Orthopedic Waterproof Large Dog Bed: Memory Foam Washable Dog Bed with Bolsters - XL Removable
* * * * * * *
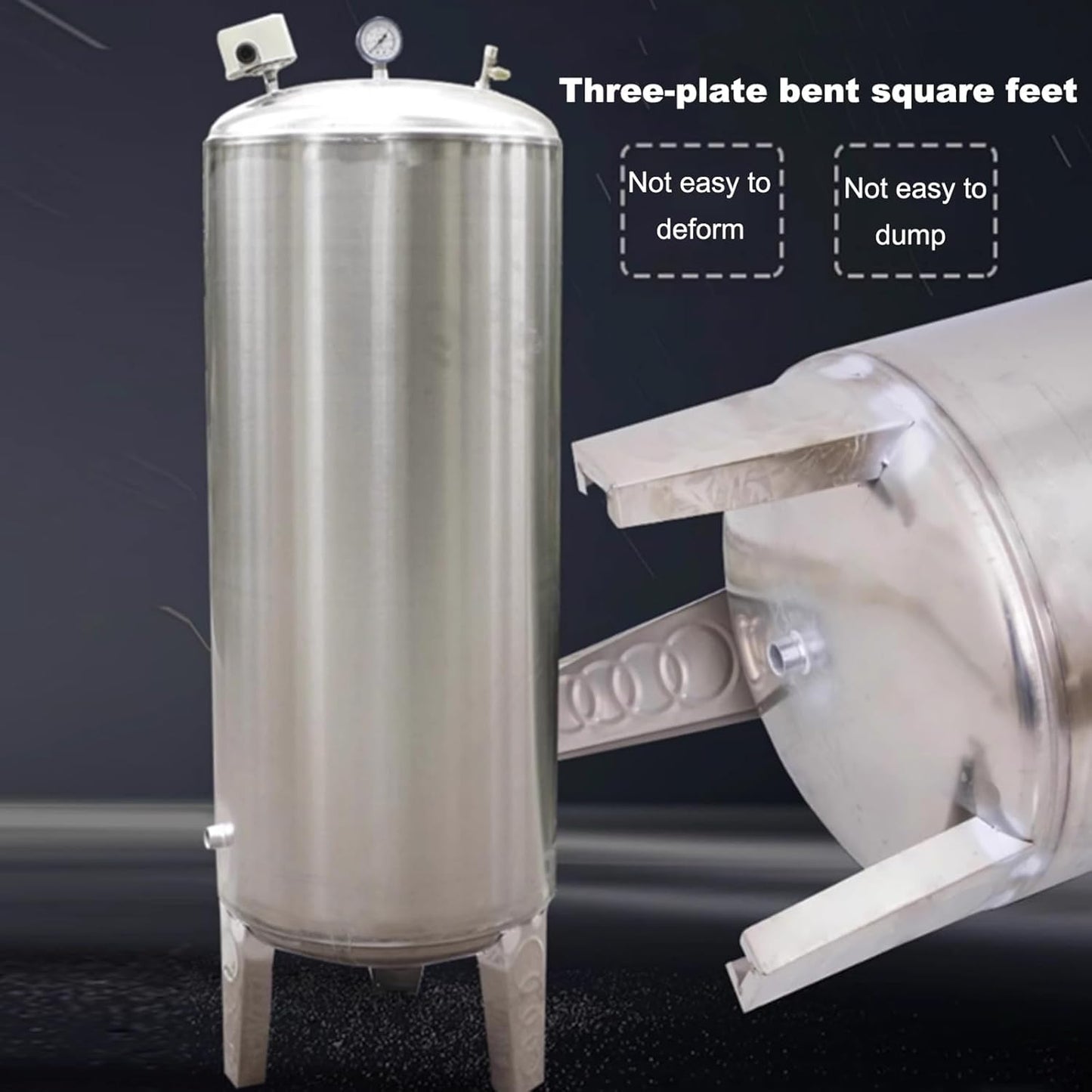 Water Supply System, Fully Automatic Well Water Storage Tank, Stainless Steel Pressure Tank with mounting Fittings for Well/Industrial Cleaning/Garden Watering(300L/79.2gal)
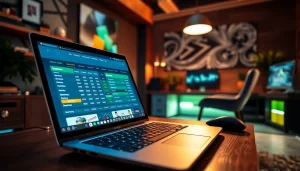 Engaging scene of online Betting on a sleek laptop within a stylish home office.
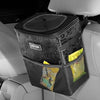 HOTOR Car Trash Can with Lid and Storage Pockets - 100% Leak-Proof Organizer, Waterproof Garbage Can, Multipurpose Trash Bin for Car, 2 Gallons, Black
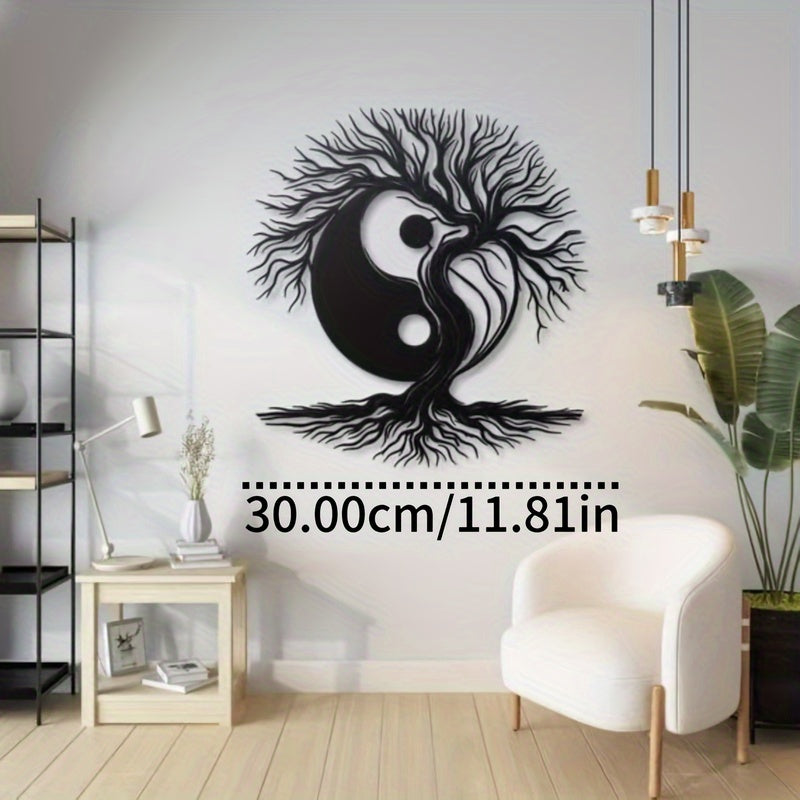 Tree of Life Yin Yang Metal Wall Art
* * * * * * *
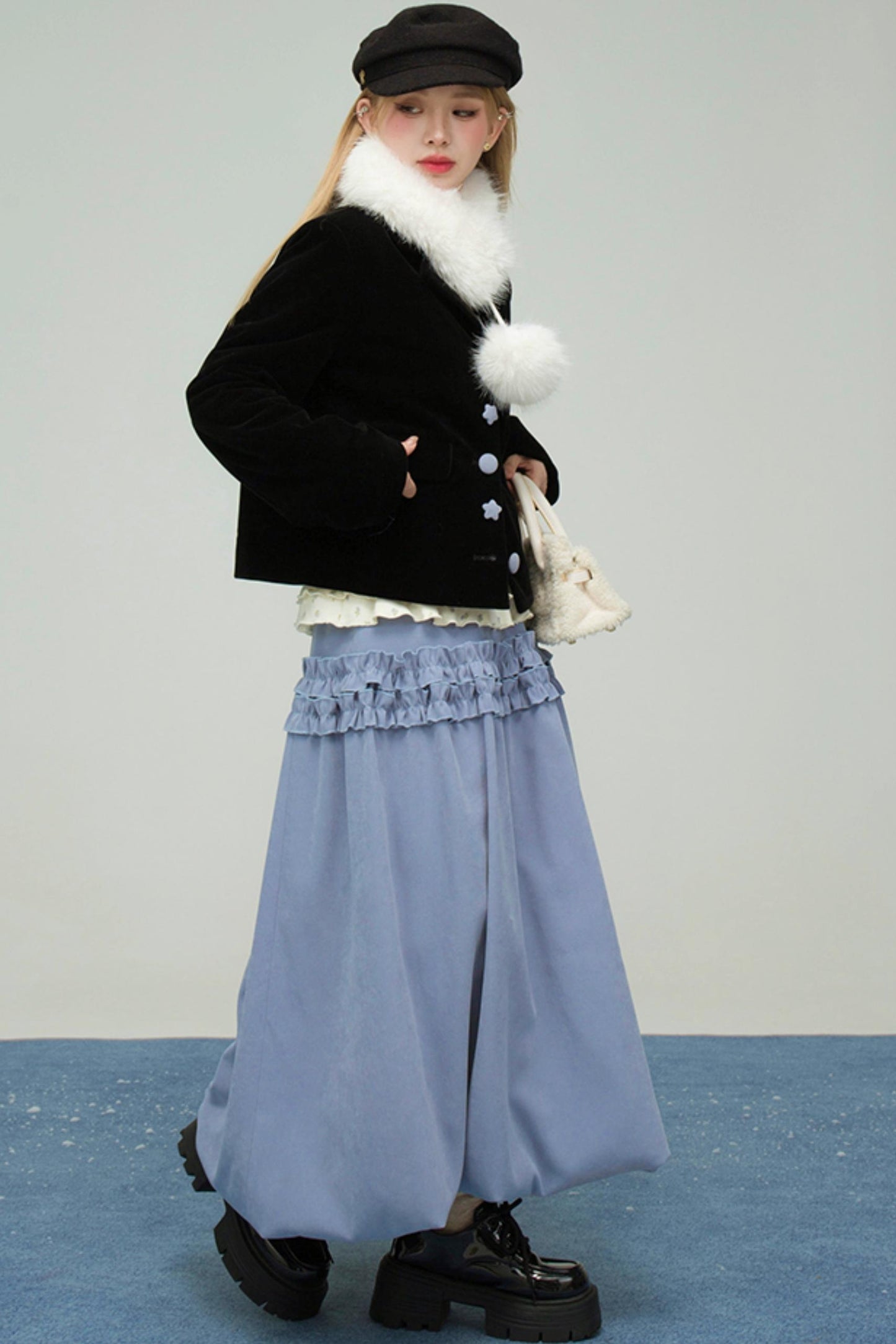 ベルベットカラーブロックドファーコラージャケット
* * * * * * *
- TRY IT -
Look above for the line with "Engaging scene of", then give again exactly every line from there through the line with "Tree of Life Yin Yang Metal Wall Art", skipping the pictures.

- RESPONSE TO THIS EXERCISE -
 Engaging scene of online Betting on a sleek laptop within a stylish home office.
 HOTOR Car Trash Can with Lid and Storage Pockets - 100% Leak-Proof Organizer, Waterproof Garbage Can, Multipurpose Trash Bin for Car, 2 Gallons, Black
 Tree of Life Yin Yang Metal Wall Art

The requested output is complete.